__What to work on__: An exact copy of the listing below is required, minus its pictures.

__Information provided__:
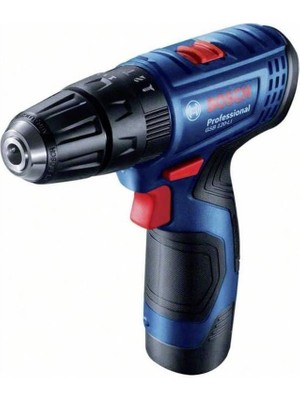 CetKing Professional Gsb 120-LI Akülü Darbeli Delme Vidalama Makinesi (12 Volt, 2 x 2,0 Ah Akü, Şarj Cihazı, Yumuşak/sert Tork: 14/30 Nm; Plastik Çanta)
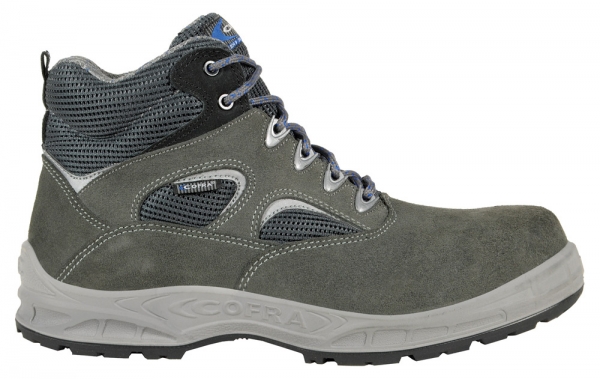 COFRA-LA GOMERA S1P, SRC, Sicherheitsschuhe, hoch, Farbe: grau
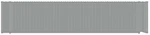 Atlas 50003831 Undecorated 45' Standard Height Container (pack Of 3). Fixed Price $38.66.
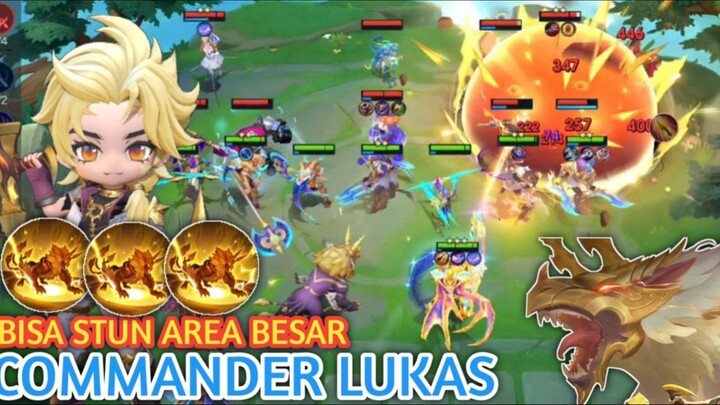 DAPAT COMMANDER LUKAS LANGSUNG COMBO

__Exercise output__:
 CetKing Professional Gsb 120-LI Akülü Darbeli Delme Vidalama Makinesi (12 Volt, 2 x 2,0 Ah Akü, Şarj Cihazı, Yumuşak/sert Tork: 14/30 Nm; Plastik Çanta)
 COFRA-LA GOMERA S1P, SRC, Sicherheitsschuhe, hoch, Farbe: grau
 Atlas 50003831 Undecorated 45' Standard Height Container (pack Of 3). Fixed Price $38.66.
 DAPAT COMMANDER LUKAS LANGSUNG COMBO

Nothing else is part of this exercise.